Our goal here is to show that the most “generic” matrix satisfies this theorem, so all the other matrices have no real choice, and must follow the footsteps of their generic master ruler and do the same.

We start, as always, with a definition.

Definition (The generic matrix): Let $\{ x_{i,j}; \; 1\leq i,j \leq n \}$  be algebraically independent indeterminates over $\mathbb{Z}$. The generic matrix is defined to be

$X=\left(\begin{array}{ccc} x_{1,1} & \cdots & x_{1,n}\\ \vdots & & \vdots\\ x_{n,1} & \cdots & x_{n,n} \end{array}\right)\in M_{n}(\mathbb{Z}\left[x_{i,j}\right]).$

What makes this matrix into a “generic” matrix is the following argument. Suppose that $F$ is any field, and $A=(a_{i,j})_{i,j=1}^n$ is any $n \times n$ matrix over $F$. Any polynomial $f(x_{1,1},x_{1,2},...,x_{n,n})\in \mathbb{Z}\left[x_{i,j}\right]$ defines an element in $F$, simply by assigning $x_{i,j}$ to be $a_{i,j}$. Let us denote this map by $\varphi_A :\mathbb{Z}\left[x_{i,j}\right] \to F$. Clearly, this is a homomorphism of rings, which we can extend to a homomorphism of the matrix rings $\varphi_A :M_n(\mathbb{Z}\left[x_{i,j}\right]) \to M_n(F)$. We now have the almost too trivial observation that $\varphi_A(X) = A$ – or in other words, any matrix $A$ is an image of the matrix $X$ (under some carefully chosen homomorphism). We note that the same process will work if we take any commutative ring $R$ instead of a field $F$.
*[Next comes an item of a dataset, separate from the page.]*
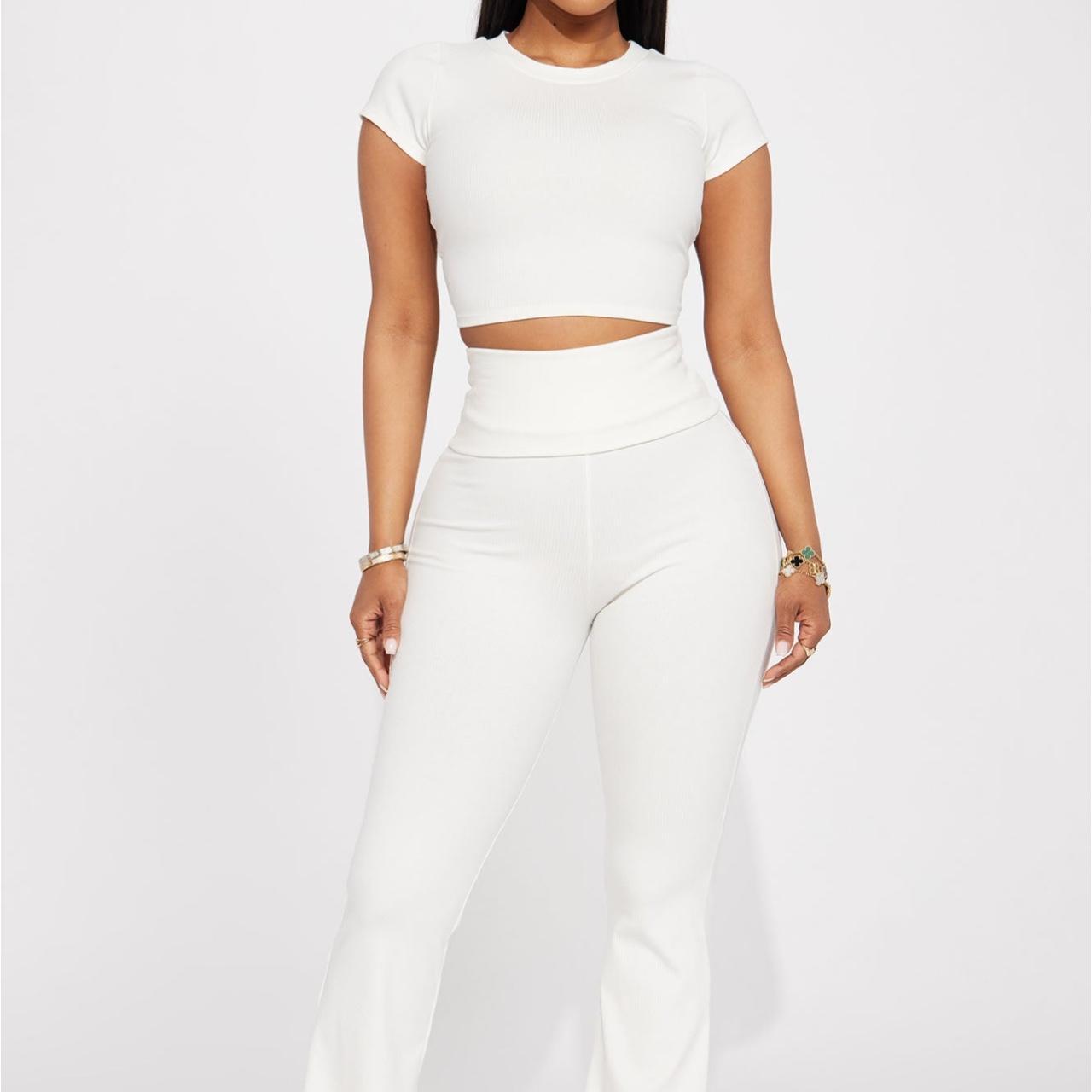 Fashion nova white leggings best sale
The previous argument might seem silly at first, since everything was defined so that $A$ will be an image of $X$ so we should not be surprised when this actually happens. True as it is, let us show that this will tell us a lot about the matrix $X$. But first, to shorten the notation, lets give a name to the phenomenon above.

Definition (specialization): Let $R,S$ be two unital integral domains (namely commutative without zero divisors), and $A,B$ be two $n \times n$ matrices over $R$ and $S$ respectively. We say that $A$ specializes to $B$ if there is some homomorphism $\varphi:R \to S$ such that its extension to $M_n(R)$ (which we also denote by $\varphi$) satisfies $\varphi(A)=B$.

Under this notations, we see that any $n\times n$ matrix over any field (or unital commutative rings) is a specialization of $X$. The main idea now is to show that if $A$ specializes to $B$, then for certain properties if $B$ satisfy them then so is $A$ and for certain properties the other direction is true.

For a matrix $A$, denote by $p_A(t)$ its characteristic polynomial. Assume that $A$ specializes to $B$ through the homomorphism $\varphi:R\to S$. We also denote by $\varphi$ its natural extensions $\varphi:M_n(R) \to M_n(S)$ and $\varphi:R[t]\to S[t]$.

Lemma 1: We have $\varphi(p_A(t))=p_B(t)$.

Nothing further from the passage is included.